■ Your objective: Copy the records below, from the line containing "WE 11 DONE设计师品牌【output】 水洗做旧复古拉链帽衫" through the last line; leave out pictures.

(Brief descriptive captions)
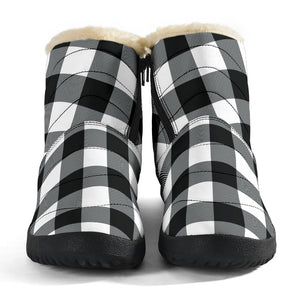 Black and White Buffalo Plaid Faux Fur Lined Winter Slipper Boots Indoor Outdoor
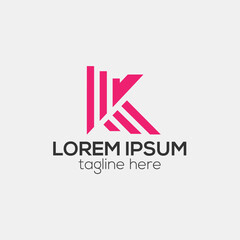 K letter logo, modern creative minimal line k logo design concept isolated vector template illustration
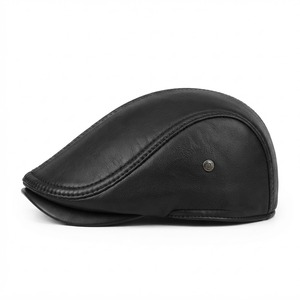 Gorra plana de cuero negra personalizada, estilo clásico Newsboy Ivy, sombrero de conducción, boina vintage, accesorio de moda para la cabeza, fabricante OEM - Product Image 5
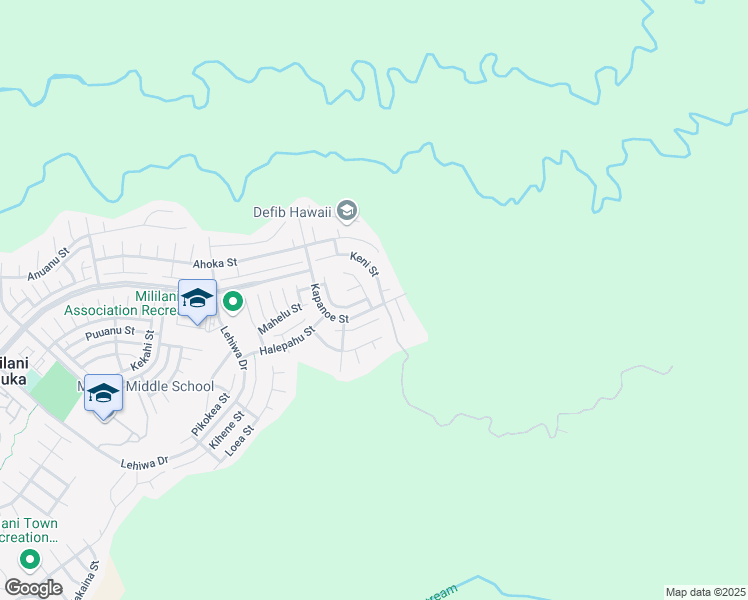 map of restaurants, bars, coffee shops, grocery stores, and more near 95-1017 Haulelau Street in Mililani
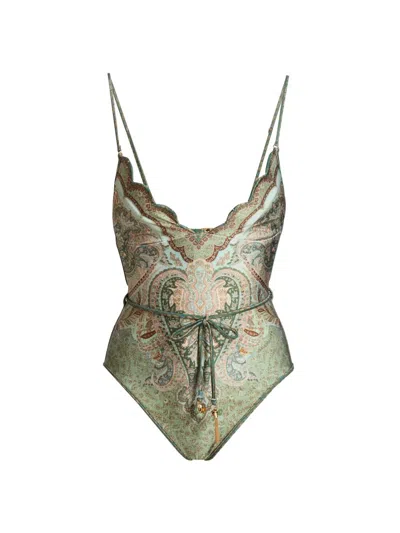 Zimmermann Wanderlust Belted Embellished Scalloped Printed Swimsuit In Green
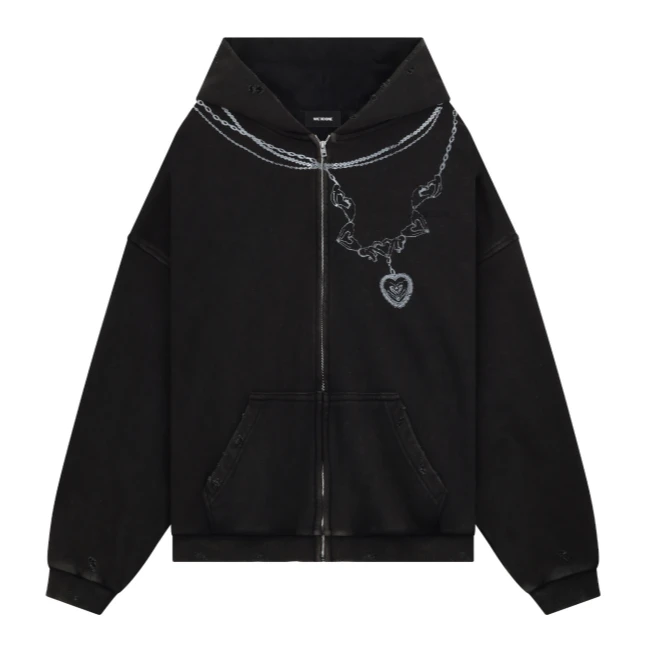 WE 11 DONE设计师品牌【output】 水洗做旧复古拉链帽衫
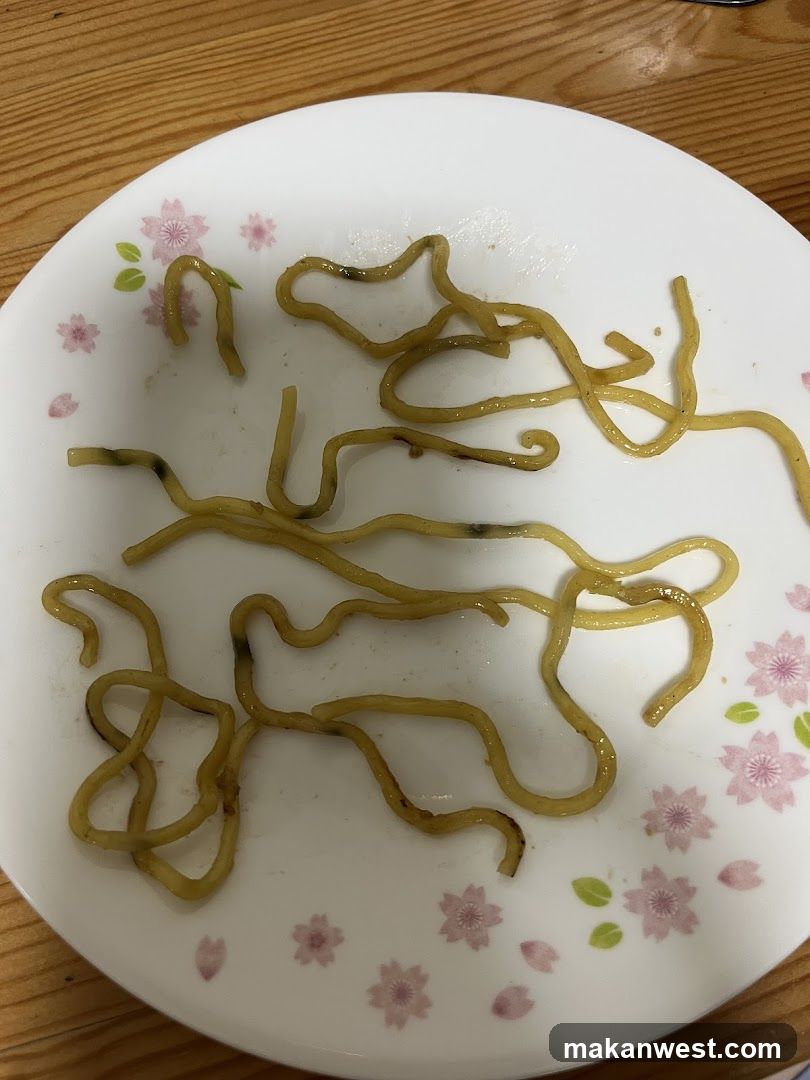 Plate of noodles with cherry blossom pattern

■ Answer to this problem:
 WE 11 DONE设计师品牌【output】 水洗做旧复古拉链帽衫
 Plate of noodles with cherry blossom pattern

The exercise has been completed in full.